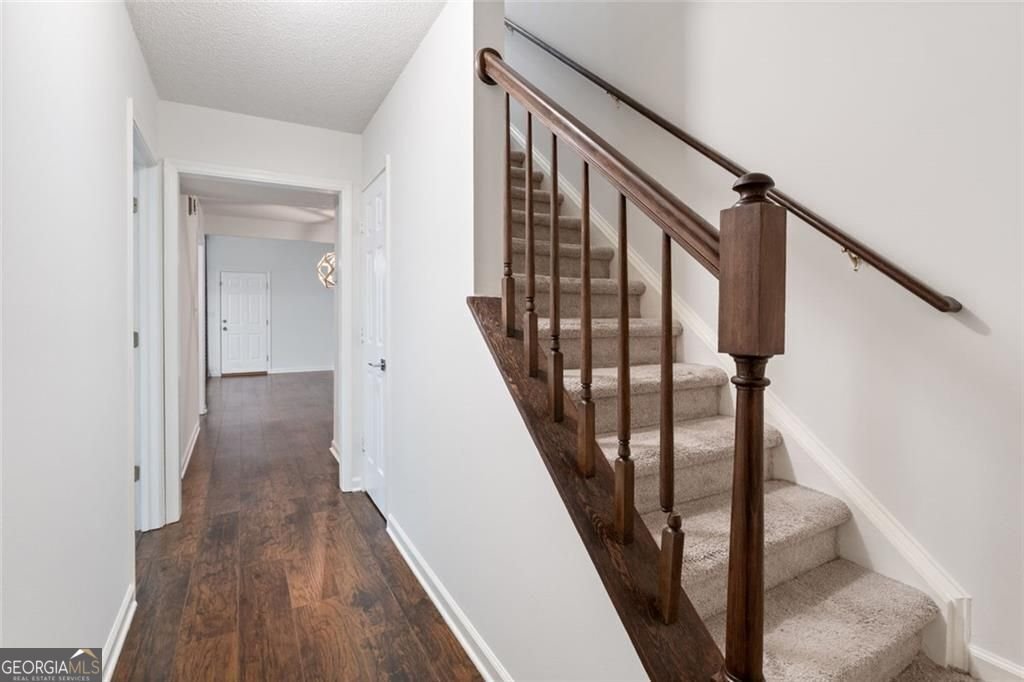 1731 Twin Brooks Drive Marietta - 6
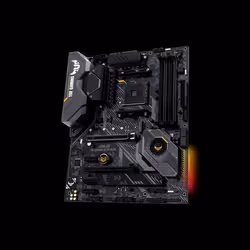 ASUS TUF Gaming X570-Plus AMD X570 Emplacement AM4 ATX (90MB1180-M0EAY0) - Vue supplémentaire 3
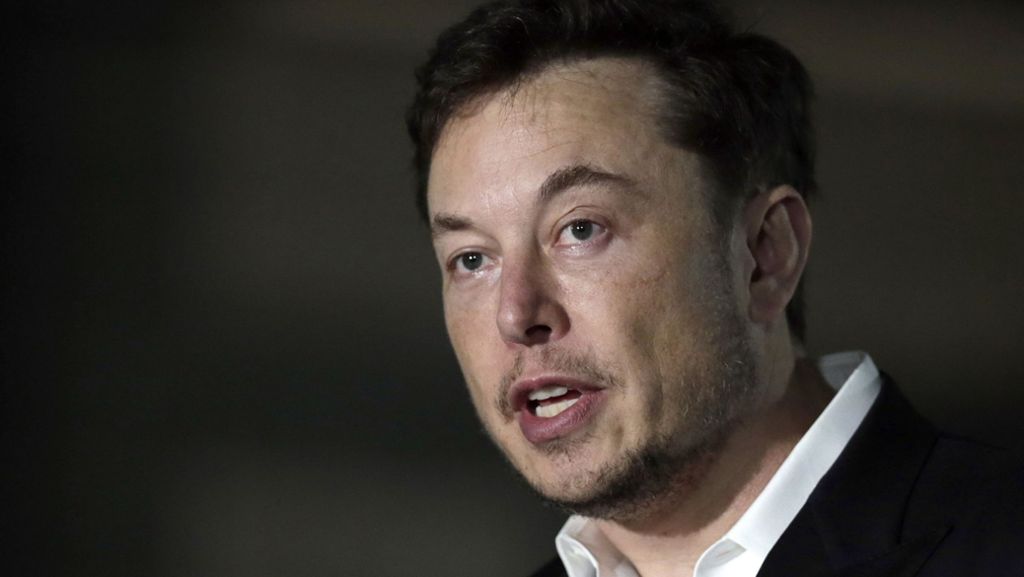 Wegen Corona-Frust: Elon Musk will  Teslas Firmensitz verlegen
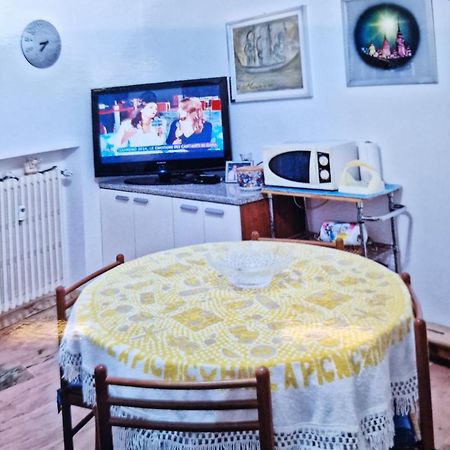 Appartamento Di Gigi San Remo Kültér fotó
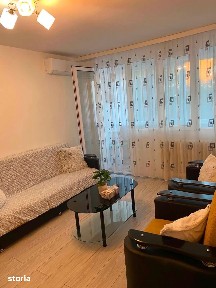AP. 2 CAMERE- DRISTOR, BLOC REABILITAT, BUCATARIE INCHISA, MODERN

____________________

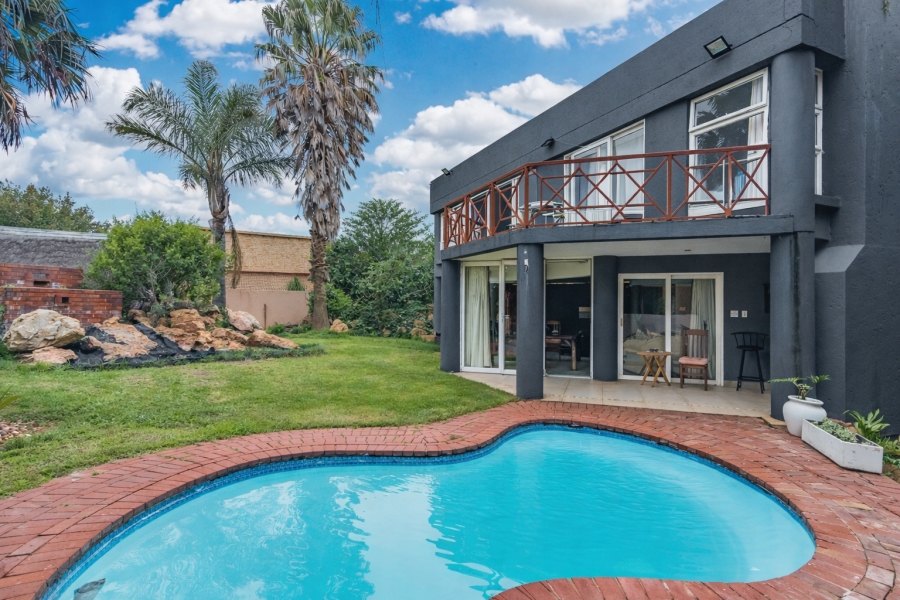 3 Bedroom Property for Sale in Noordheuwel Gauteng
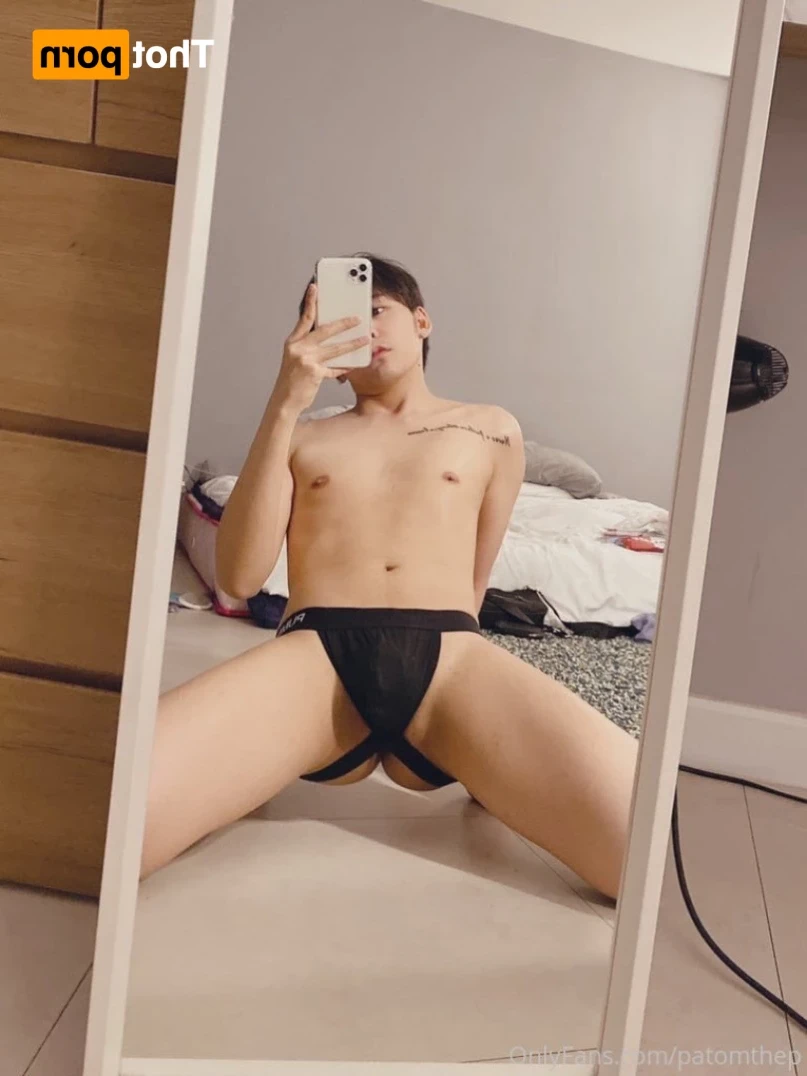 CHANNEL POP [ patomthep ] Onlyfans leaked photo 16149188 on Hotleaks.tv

____________________

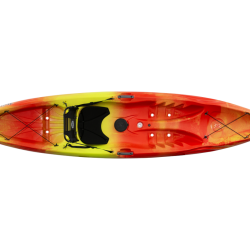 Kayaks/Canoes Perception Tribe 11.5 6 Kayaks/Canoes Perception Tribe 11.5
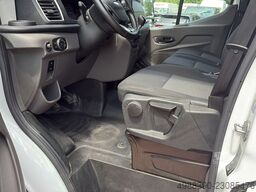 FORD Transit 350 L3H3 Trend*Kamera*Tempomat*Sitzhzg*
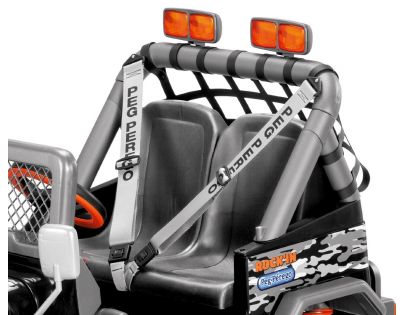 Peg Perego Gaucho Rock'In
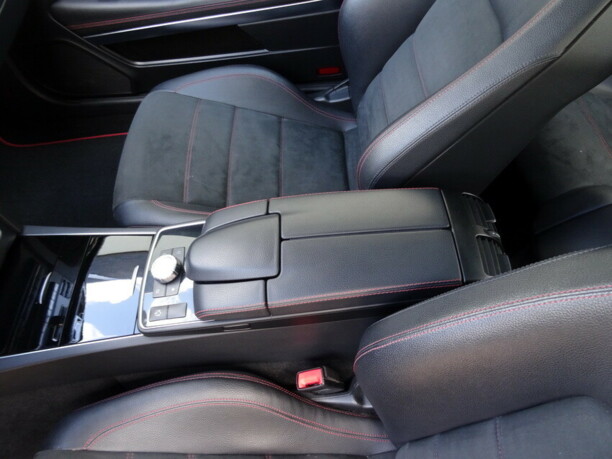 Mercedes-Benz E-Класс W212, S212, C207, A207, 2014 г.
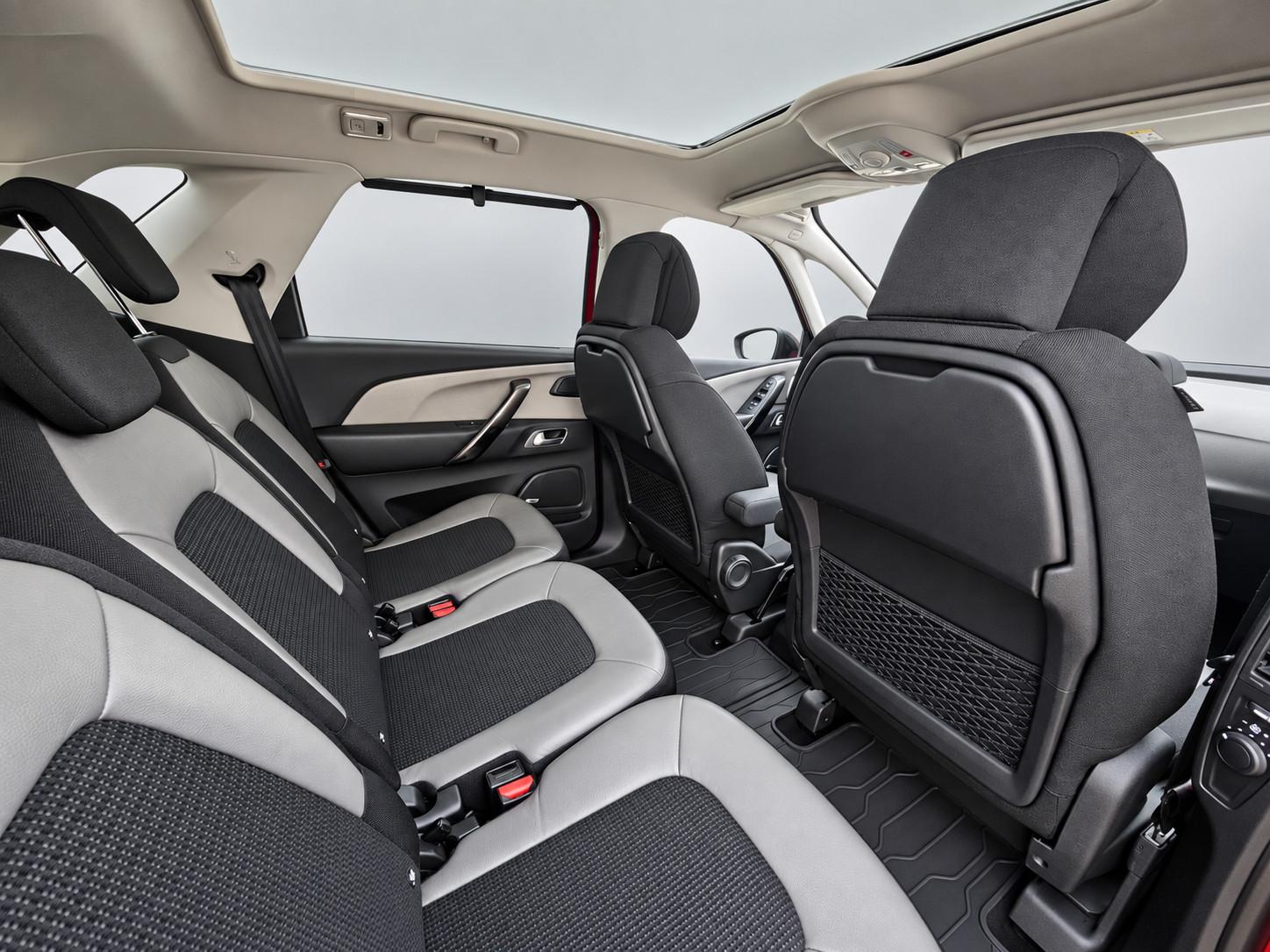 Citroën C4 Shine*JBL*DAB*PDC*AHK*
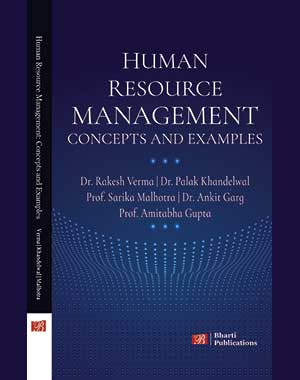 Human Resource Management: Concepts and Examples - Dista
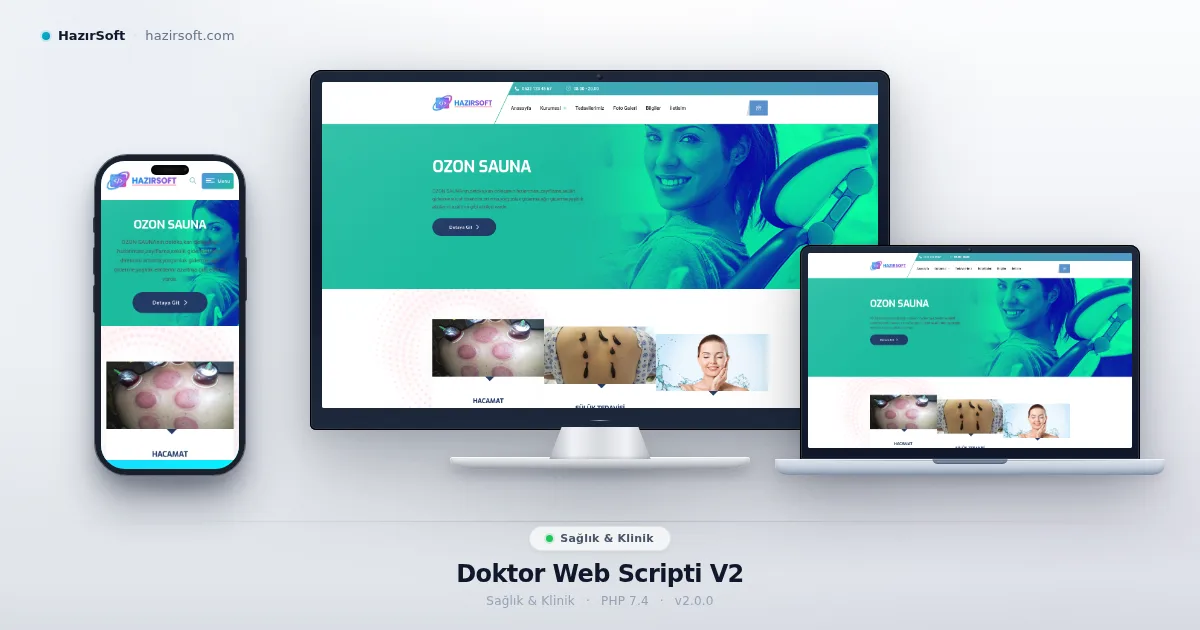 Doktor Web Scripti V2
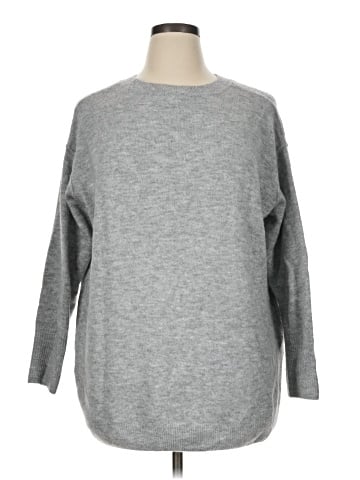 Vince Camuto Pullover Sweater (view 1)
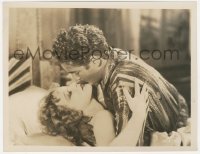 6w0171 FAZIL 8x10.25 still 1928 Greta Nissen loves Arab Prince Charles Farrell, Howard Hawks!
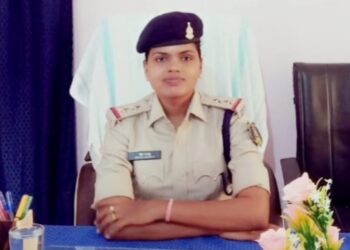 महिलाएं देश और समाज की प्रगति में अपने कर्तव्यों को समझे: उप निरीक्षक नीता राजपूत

____________________

__YOUR OBJECTIVE__
Leaving out the pictures, please output the lines in the entries above from the one with "Kayaks/Canoes Perception Tribe 11.5 6" through the one with "Citroën C4 Shine*JBL*DAB*PDC*AHK*", exactly as they are.

__TASK RESULT__
 Kayaks/Canoes Perception Tribe 11.5 6 Kayaks/Canoes Perception Tribe 11.5
 FORD Transit 350 L3H3 Trend*Kamera*Tempomat*Sitzhzg*
 Peg Perego Gaucho Rock'In
 Mercedes-Benz E-Класс W212, S212, C207, A207, 2014 г.
 Citroën C4 Shine*JBL*DAB*PDC*AHK*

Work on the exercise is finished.